Like all real estate-centric business markets, the U.K. self-storage sector has felt the impact of the global recession and the significant retrenchment of the housing market. However, the industry has shown positive signs and exhibits strong economic fundamentals. Indeed, it’s possible that self-storage in the United Kingdom will emerge stronger from the slump, with most operators seeking to expand.
Comparing U.K. self-storage to the larger U.S. and Australia markets, the United Kingdom has the lowest supply of storage space per capita, yet the highest population density by far. The United States has 7.4 square feet of self-storage space per capita, Australia has 1.37, and the United Kingdom only 0.44. Even still, the country’s supply and demand profile offers sound, long-term growth prospects for the industry.
U.K. Self-Storage Today
The U.K. self-storage sector has experienced rapid growth over the last decade. In 1996, there were an estimated 81 stores in the United Kingdom; by 2008, this number had grown to more than 750. There are more than 300 self-storage operators in the country, and while the sector remains fragmented, a handful of large multi-facility companies—such as Safestore and Big Yellow—account for approximately 45 percent of rentable space. The majority of operations are independent enterprises running five or fewer sites.
Despite the depressed economic climate, the market has proved to be highly resilient over the past 18 months. Operators and investors have been faced with the dilemma of establishing optimum balance between occupancy rates and rental growth, the key variables to ensuring strong revenue. However, the evidence to date hasn’t demonstrated the anticipated drop in these metrics.

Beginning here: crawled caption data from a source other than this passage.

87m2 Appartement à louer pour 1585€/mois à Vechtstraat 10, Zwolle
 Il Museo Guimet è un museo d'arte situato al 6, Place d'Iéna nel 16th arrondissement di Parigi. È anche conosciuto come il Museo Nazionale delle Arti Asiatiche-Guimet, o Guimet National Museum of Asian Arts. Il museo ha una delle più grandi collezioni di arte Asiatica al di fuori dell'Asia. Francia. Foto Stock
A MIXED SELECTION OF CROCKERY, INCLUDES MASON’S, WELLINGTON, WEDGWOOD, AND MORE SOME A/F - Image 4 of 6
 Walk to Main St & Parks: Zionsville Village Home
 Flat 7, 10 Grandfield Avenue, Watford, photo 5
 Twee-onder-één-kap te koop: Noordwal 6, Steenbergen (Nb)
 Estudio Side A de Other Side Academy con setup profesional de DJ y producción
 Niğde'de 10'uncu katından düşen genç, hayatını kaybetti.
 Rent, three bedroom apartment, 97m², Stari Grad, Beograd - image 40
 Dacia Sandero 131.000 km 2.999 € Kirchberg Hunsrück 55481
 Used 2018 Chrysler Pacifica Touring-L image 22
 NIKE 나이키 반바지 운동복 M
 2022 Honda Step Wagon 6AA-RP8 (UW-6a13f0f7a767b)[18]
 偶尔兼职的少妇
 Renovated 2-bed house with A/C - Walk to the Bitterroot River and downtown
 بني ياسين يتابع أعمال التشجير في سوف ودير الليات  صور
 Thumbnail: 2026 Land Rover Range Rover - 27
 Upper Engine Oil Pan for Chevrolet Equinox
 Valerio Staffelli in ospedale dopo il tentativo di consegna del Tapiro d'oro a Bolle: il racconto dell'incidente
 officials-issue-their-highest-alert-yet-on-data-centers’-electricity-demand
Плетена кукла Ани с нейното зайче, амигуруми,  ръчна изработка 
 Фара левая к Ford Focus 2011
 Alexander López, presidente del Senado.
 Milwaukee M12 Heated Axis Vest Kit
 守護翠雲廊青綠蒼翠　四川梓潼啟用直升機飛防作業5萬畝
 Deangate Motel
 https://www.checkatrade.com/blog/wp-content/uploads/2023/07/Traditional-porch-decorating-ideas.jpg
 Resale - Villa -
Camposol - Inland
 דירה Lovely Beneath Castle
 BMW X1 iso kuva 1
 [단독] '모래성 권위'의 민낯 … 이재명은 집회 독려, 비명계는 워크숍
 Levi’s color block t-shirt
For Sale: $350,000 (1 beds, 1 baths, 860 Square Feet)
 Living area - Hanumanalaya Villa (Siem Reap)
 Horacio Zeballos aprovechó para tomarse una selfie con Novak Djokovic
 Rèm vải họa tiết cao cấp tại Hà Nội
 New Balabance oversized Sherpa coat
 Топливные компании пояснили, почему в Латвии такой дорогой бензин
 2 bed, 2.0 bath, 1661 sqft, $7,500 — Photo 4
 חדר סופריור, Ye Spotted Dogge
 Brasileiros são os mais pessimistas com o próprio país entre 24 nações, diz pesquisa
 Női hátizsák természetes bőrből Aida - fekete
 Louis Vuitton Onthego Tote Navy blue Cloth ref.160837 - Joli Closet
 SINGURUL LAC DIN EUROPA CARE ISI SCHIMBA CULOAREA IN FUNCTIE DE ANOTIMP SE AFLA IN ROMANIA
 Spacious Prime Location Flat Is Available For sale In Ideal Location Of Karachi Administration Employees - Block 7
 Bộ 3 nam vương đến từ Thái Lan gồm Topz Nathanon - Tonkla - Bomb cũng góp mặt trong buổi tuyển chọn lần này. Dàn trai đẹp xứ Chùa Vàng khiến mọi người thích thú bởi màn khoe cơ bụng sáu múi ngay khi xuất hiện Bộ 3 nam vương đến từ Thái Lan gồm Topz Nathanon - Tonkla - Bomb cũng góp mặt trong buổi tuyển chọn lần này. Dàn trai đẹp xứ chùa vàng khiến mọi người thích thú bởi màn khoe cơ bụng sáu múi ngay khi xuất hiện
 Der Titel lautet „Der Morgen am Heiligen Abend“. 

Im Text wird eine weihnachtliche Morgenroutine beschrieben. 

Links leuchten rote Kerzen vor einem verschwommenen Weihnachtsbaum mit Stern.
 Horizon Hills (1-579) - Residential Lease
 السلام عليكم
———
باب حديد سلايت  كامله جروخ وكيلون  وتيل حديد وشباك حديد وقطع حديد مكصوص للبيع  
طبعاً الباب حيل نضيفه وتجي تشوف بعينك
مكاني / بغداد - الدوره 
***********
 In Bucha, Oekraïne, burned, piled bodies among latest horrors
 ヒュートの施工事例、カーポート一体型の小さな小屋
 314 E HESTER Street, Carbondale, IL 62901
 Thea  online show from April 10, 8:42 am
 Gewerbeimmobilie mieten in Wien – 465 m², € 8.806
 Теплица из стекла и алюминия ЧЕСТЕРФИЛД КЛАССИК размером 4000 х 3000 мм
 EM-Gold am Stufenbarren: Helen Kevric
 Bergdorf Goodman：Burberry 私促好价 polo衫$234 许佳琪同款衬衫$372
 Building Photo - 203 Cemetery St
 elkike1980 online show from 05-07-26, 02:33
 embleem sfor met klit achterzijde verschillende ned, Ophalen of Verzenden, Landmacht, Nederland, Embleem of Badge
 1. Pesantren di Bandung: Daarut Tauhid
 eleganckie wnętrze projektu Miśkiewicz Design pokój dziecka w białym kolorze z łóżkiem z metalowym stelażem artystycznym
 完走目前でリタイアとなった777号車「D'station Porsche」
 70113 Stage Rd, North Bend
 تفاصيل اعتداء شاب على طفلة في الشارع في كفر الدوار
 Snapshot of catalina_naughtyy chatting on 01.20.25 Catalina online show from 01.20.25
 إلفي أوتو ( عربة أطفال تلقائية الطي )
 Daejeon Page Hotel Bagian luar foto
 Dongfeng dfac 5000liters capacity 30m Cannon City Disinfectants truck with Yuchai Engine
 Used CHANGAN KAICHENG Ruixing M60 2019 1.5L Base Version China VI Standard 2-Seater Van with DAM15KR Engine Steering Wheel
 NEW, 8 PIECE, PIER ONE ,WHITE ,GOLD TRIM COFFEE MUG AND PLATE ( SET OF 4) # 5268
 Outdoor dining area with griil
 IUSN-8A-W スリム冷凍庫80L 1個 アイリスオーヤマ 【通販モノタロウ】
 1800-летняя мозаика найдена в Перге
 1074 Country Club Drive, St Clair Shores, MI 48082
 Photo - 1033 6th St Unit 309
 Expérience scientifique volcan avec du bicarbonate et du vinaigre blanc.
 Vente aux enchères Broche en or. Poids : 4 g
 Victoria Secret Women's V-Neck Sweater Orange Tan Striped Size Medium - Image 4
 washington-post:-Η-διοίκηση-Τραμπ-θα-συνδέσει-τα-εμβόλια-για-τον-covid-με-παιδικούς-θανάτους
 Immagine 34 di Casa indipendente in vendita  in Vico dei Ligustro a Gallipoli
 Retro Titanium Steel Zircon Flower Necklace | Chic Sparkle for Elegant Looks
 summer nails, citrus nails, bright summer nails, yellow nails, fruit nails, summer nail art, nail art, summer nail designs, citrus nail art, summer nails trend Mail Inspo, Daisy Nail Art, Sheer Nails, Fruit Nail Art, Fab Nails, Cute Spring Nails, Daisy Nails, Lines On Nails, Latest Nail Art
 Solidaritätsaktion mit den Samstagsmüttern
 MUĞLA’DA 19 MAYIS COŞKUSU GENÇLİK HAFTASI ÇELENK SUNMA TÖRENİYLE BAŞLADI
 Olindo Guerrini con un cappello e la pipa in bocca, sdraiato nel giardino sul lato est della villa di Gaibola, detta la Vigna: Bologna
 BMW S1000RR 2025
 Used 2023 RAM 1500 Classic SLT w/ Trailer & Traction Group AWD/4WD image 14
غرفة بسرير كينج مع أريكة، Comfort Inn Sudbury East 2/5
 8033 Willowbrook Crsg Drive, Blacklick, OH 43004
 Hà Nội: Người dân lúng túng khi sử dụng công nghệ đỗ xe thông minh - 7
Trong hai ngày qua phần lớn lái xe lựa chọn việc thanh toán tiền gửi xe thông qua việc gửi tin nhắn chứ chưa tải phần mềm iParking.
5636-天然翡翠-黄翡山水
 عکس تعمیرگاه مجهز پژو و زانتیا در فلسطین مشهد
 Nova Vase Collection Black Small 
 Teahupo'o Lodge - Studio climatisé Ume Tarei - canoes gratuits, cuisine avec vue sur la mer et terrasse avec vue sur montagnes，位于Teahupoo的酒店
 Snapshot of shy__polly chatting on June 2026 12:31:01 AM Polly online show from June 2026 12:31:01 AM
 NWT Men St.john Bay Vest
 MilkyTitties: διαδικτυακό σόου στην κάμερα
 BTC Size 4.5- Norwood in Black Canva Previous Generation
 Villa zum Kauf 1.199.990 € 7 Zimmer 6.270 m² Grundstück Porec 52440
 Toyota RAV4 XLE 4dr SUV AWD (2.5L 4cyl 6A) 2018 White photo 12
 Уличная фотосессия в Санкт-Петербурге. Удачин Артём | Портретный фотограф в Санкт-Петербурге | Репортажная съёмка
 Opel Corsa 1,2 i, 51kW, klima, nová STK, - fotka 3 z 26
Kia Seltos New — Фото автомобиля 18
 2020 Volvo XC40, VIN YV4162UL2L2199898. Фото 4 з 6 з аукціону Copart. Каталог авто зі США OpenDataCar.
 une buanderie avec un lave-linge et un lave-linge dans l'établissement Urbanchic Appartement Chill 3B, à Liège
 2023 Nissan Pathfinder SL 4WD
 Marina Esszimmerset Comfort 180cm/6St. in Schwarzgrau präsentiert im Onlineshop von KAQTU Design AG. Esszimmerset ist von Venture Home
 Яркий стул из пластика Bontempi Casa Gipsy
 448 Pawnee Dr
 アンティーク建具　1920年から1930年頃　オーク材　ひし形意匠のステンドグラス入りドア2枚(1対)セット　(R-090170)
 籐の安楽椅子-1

Revenue has been healthy, with Big Yellow reporting a modest 4 percent decline in like-for-like sales in its most recent annual report. Space Maker, a mid-size operator, ended 2008 with revenue down only 3 percent from 2007. Lok’nStore, which has been the subject of much bid speculation, recently reported month-on-month increases in occupancy for the first six months of 2009, with revenue beginning to increase.